Above: Apollo 17 astronauts and moonbuggy in the Taurus-Littrow valley. [More]
About 60 seconds after touchdown, Schmitt radioed Houston, "Batteries look good," followed by a brief pause, and "Oh, man!! Look at that rock out there!"
Cernan agreed, "Absolutely incredible."
Within hours the two astronauts were down the ladder loading a raft of geology tools and experiments onto their Lunar Roving Vehicle or "moonbuggy." Everything was going smoothly until Cernan brushed against the rover; a hammer in the shin pocket of his spacesuit caught the buggy's right rear fender and tore half of it off.
Cernan: "Oh, you won't believe it. There goes a fender."
Schmitt: "Oh, shoot!"
Now, a moonbuggy in Alabama can go just fine without a fender, but in Taurus-Littrow a missing fender was a potential disaster. The reason is moondust. When a rover rolls across the lunar surface, it kicks up a plume of moondust in its wake. (Astronauts called them "rooster tails.") Without a fender, the rover would be showered by a spray of dark, abrasive grit. White spacesuits blackened by dust could turn into dangerous absorbers of the fierce lunar sun with astronauts overheating inside. Sharp-edged dust wiped off visors would scratch the glass, making helmets difficult to see out of. Moondust also had an uncanny way of working itself into hinges, latches and joints, rendering them useless.
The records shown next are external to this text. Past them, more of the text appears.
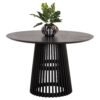 ΤΡΑΠΕΖΙ ΤΡΑΠΕΖΑΡΙΑΣ ΣΤΡΟΓΓΥΛΟ FRANTZ HM9388.02 ΜΑΣΙΦ ΞΥΛΟ MINDI BLACK Φ118x79Υεκ.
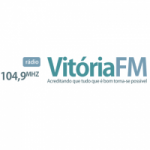 Logo da emissora Rádio Vitória 104.9 FM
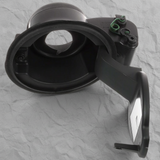 Fuel tank filler pipe housing hinge - full view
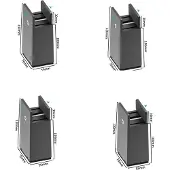 INF Verstelbare meubelpootkussens, 4-pack M
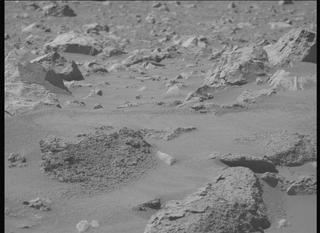 View image taken on Mars, Mars Perseverance Sol 1599: Left Mastcam-Z Camera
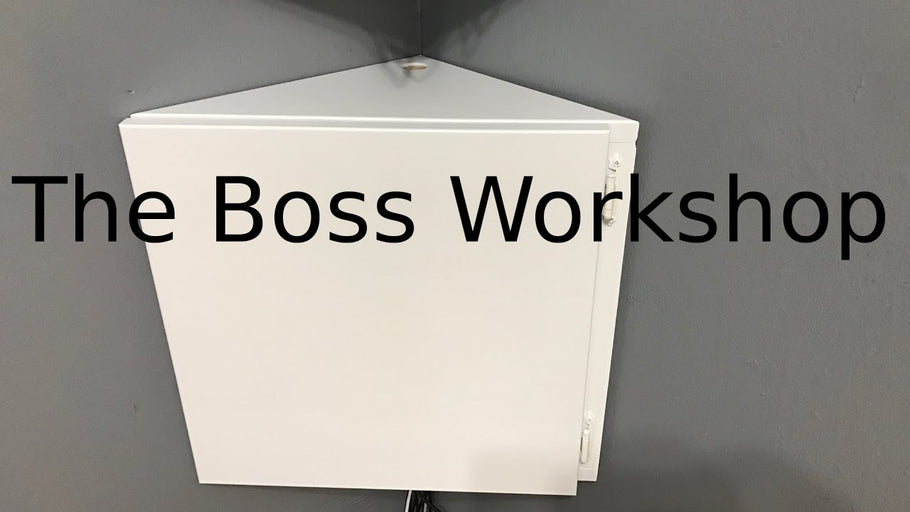 In this video you will see how I made this corner cabinet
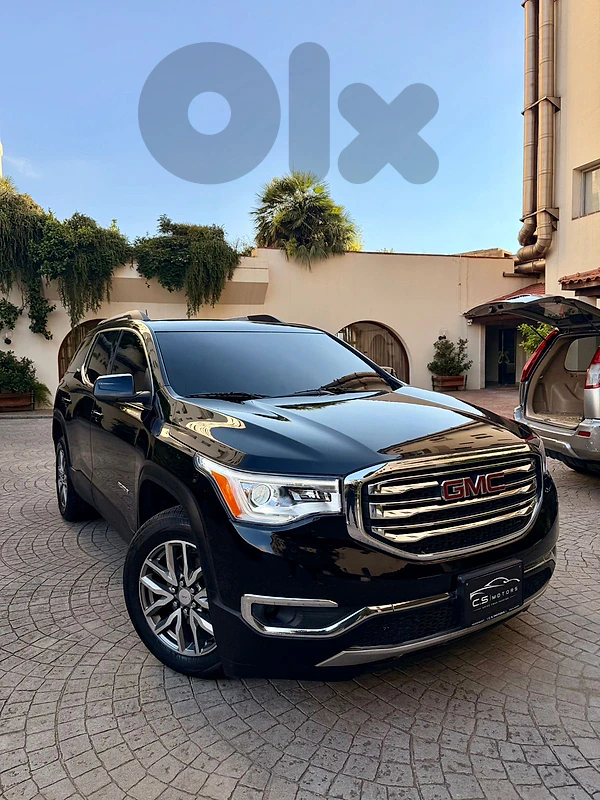 GMC Acadia 2018 SLE - 4wheel - 6cylinders -7 seaters - company source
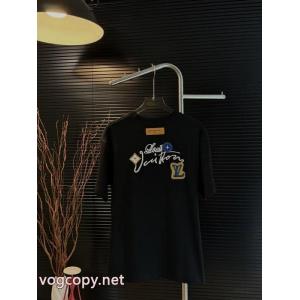 高級素材 秀逸アイテム 人気が再燃！LOUIS VUITTONコピー ブランド 通販 安心半袖Tシャツ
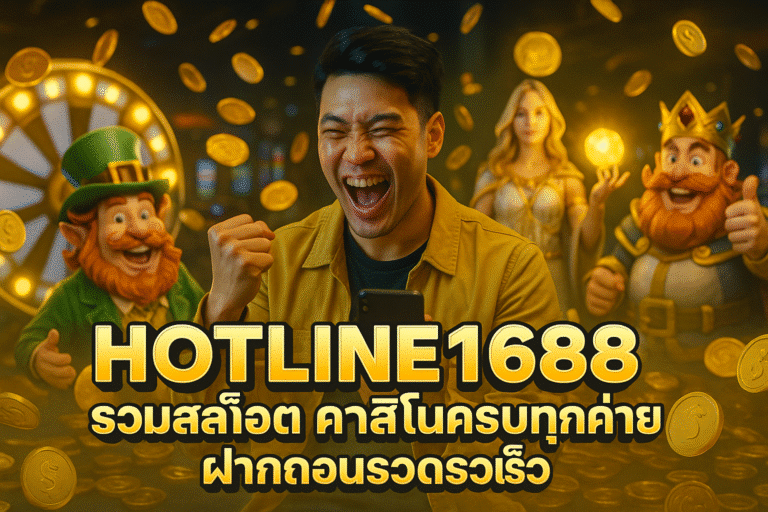 HOTLINE1688 รวมสล็อต คาสิโนครบทุกค่าย ฝากถอนรวดเร็ว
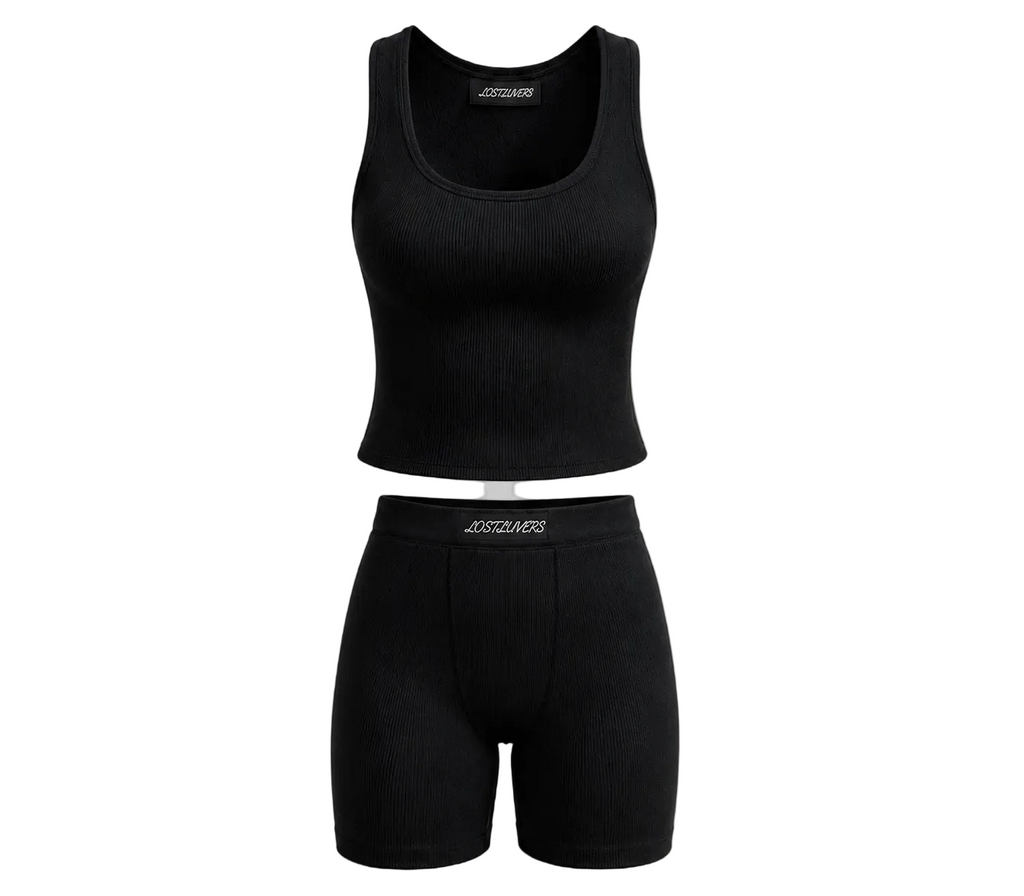 Black/Sleeveless Loungewear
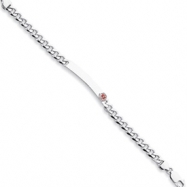 Picture of Sterling Silver Enameled Medical ID Curb Link Bracelet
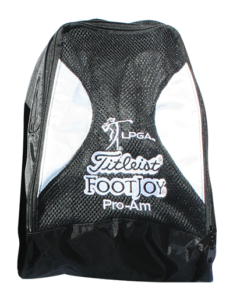 Custom Golf Shoe Bag Back Black LPGA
Above: Apollo 17 moonbuggy fender repaired with duct tape.
Cernan: "And I hate to say it, but I'm going to have to take some time to try … to get that fender back on. Jack, is the tape under my seat, do you remember?" (He's referring to a roll of ordinary, gray duct tape.)
Cernan: "Okay. I can't say I'm very adept at putting fenders back on. But I sure don't want to start without it. I'm just going to put a couple of pieces of good old-fashioned American gray tape on it...(and) see whether we can't make sure it stays."
In spite of his thick gloves, Cernan managed to unroll and tear off the needed pieces, but moondust foiled his first repair:
Cernan: "…good old-fashioned gray tape doesn't want to stick very well." (At a post flight briefing he explained: "Because there was dust on everything, once you got a piece of tape off the roll, the first thing the tape stuck to was dust; and then it didn't stick to anything else.")
His second attempt succeeded, however. "I am done!" crowed Cernan. "If that fender stays on ... I'd like some sort of mending award." And with that, they were off.
For the next four hours they drove the moonbuggy far and wide around the landing site, stopping to drill holes and collect core samples, deploy seismic charges and set up other experiments. Even with all four fenders, Cernan had to dust off the rover at each stop (mission planners provided a special moondust brush for the purpose). This soaked up many minutes of valuable time, but could've been worse as they were about to discover.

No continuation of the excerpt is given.